Between September 1, 2009 and August 31, 2010, the RFK plan received $14.4 million in contributions from employers. It paid $17.2 million in health care benefits during this program year.

The RFK plan provides health care services with $5 co-pays but limits annual benefits to $70,000 a year, less than a tenth of the $750,000 minimum benefit required by the Affordable Care Act. The UFW received a waiver from HHS to keep its maximum benefit at a low level in order to hold down premiums. The UFW in 2011 eliminated the lifetime cap on health-care benefits.

Arizona State University Professor Matt Garcia's book argues that the decision to move UFW headquarters to Keene in the Tehachapi Mountains in 1971 was "single most destructive" decision that led to the shrinking of the UFW. Once away from most of the farm workers in the San Joaquin Valley, Garcia says that Chavez fired many of the professionals who helped to make the UFW effective and persuaded remaining union leaders to experiment with the cult-like methods of Synanon, including self and group criticism at the UFW's isolated compound.

The UFW marked its 50th anniversary on September 30, 2012. Founded as the National Farm Workers Association in 1962, the UFW joined a 1965 strike by Filipino grape harvesters in 1965 and won a contract with Schenley industries in 1966 that raised wages by 40 percent. The UFW went on to win contracts with most growers of table grapes, but competed with the Teamsters to represent lettuce workers.

The UFW was the major supporter of the Agricultural Labor Relations Act in 1975, which granted farm workers organizing and bargaining rights.

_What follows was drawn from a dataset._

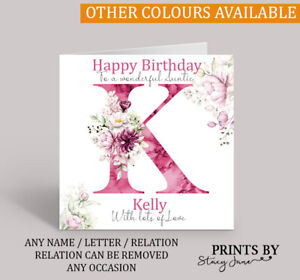 Personalised Birthday Card Female Mum Daughter Sister Friend Nan Auntie COLOURS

President Obama on October 8, 2012 dedicated the three-acre Cesar E. Chavez National Monument at the UFW's 187-acre headquarters in Nuestra Senora Reina de la Paz or Keene, California. Obama said: "La Paz was at the center of some of the most significant civil rights moments in our nation's history, and by designating it a national monument, Chavez' legacy will be preserved and shared to inspire generations to come." Some 7,000 people planned to attend the ceremony, and about 4,000 arrived, including a third who traveled in 32 buses provided by the UFW. The National Park Service provided additional buses to bring school children to the ceremony.

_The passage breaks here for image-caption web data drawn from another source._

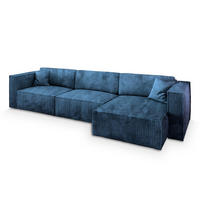 ECKSOFA TOLMO P Blau Kordstoff mit Schlaffunktion - Blau, Holz (347/148cm) - MASSENO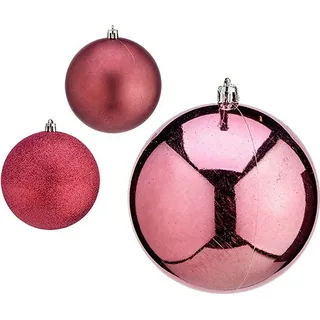 Weihnachtsbaumkugeln Krist+ Rosa Kunststoff Ø 10 cm 6 Stück - Rosa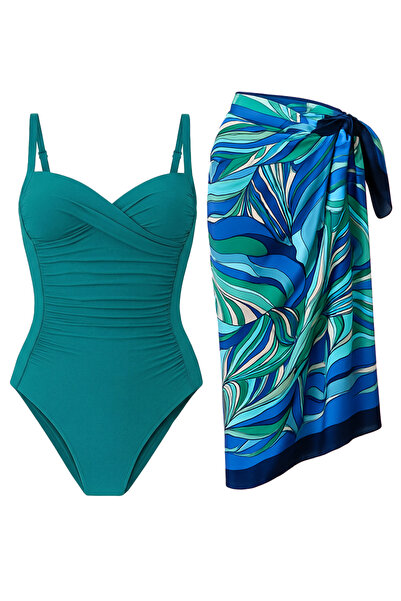 CUPSEA Γυναικείο μαγιό με ντραπέ σε πράσινο μέντα, με μπλε σχέδιο, σετ Pareo ...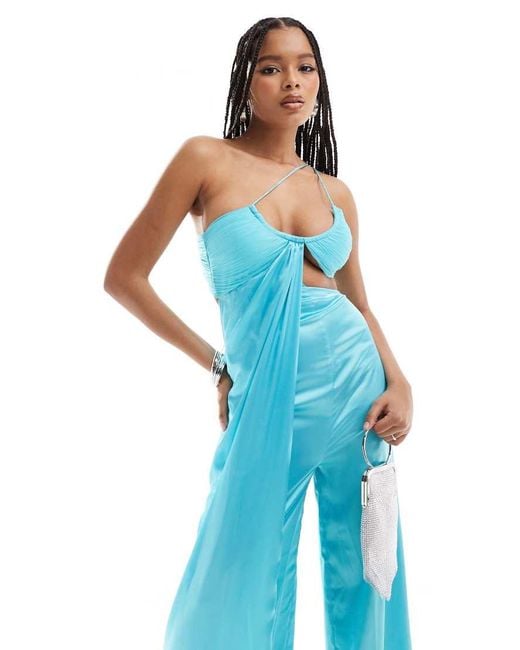 ASOS Blue Satin Chiffon Mix Cut Out Wide Leg Jumpsuit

ALRB. A strike election at George Amaral Ranches in Chular June 20, 2012 resulted in a 265-65 vote for the UFW; there were 422 names on the voter eligibility list. Amaral, a grower and custom packer of broccoli, lettuce, cauliflower, sweet corn and green cabbage, asked the Board to overturn the election because, Amaral argued, the majority of its workers were not on strike as is required to hold an election within 48 hours of a union request. The ALRB noted that Amaral was the first strike-induced election held by the ALRB since 1995.

The UFW lost an election at berry grower Corralitos Farms LLC September 19, 2012 on a 187-154 vote. The UFW charged that Corralitos offered benefits in exchange for a no union vote, a violation of the ALRA that could result in the ALRB certifying the UFW as bargaining representative despite not receiving a majority vote if it finds that Corralitos violations would prevent another free and fair election.

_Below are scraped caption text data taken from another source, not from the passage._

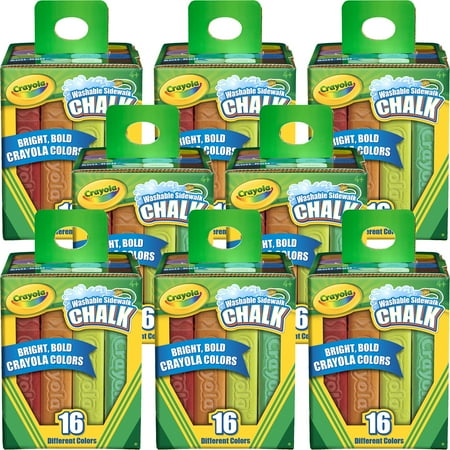 Crayola Washable Sidewalk Chalk 16 Count, Mutlipack Of 8-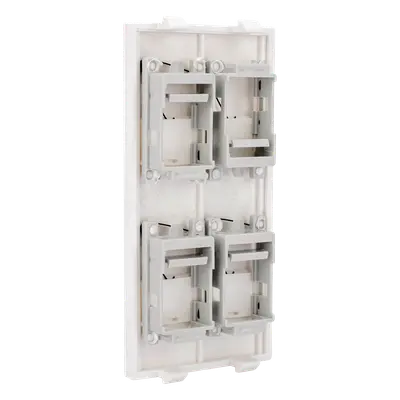 Placa Plana de Voz y Datos con Guardapolvo / 4 Puertos Keystone / Color Blanco / 108 x 52 mm / 5 mm Profundidad / Compatible Cajas Pavimento - Imagen 5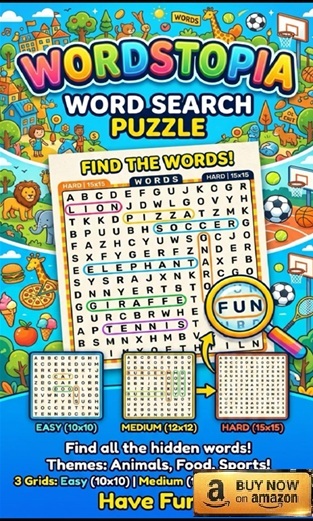 Wordstopia Word Search Puzzle Book - Available on Amazon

The UFW and Manteca-based Ace Tomato were unable to agree on a contract, prompting the ALRB in March 2012 to order mandatory mediation. The mediator used the wage rates negotiated between the UFW and Pacific Triple E Produce in June 2012 that raised piece rates in San Joaquin county to $1.12 for two 30-pound buckets or $0.56 a bucket ($0.61 a bucket for Roma tomatoes) to set the wages for Ace.

Ace objected, asserting that Triple E was a larger firm with operations in Florida and Mexico and could pay higher wages. During negotiations with the UFW, Ace offered to pay $0.54 a bucket for its August through October season, up eight percent from the current $0.50 a bucket. However, the mediator ruled and the ALRB agreed that when Triple E is producing in San Joaquin county, it is hiring from the same labor pool as Triple E.

Ace, which is seeking court review of the ALRB's decision to impose the mediator's contract, says that its tomato pickers are employees of labor contractors. Immokalee-based Lipman, the largest US producer of field-grown tomatoes, announced plans to acquire Ace in July 2012. Lipman is also developing the Vintage Ripe tomato variety to improve the taste of field-grown tomatoes.

The UFW won an election at San Joaquin Tomato Growers May 3, 1993. SJTG refused to negotiate with the UFW while it appealed the decision to certify the certification of the UFW as bargaining agent for its workers, and was found to have violated its duty to bargain in good faith between July 12, 1993 and September 8, 1994. The Board ordered SJTG to make its employees whole for any wages and benefits they lost during this period of bad-faith bargaining.

The General Counsel issued a make-whole order in April 2011 based on the average wage increases in UFW contracts in effect between 1992 and 1994, 4.3 percent. The General Counsel also added 10 to 18 percent for fringe benefits that SJTG employees did not receive. SJTG maintained that it paid "the highest wages" for picking mature-green tomatoes, so that no make whole wages were due. The ALRB rejected SJTG's argument in San Joaquin Tomato Growers (38 ALRB No. 4) and revised the make whole calculation.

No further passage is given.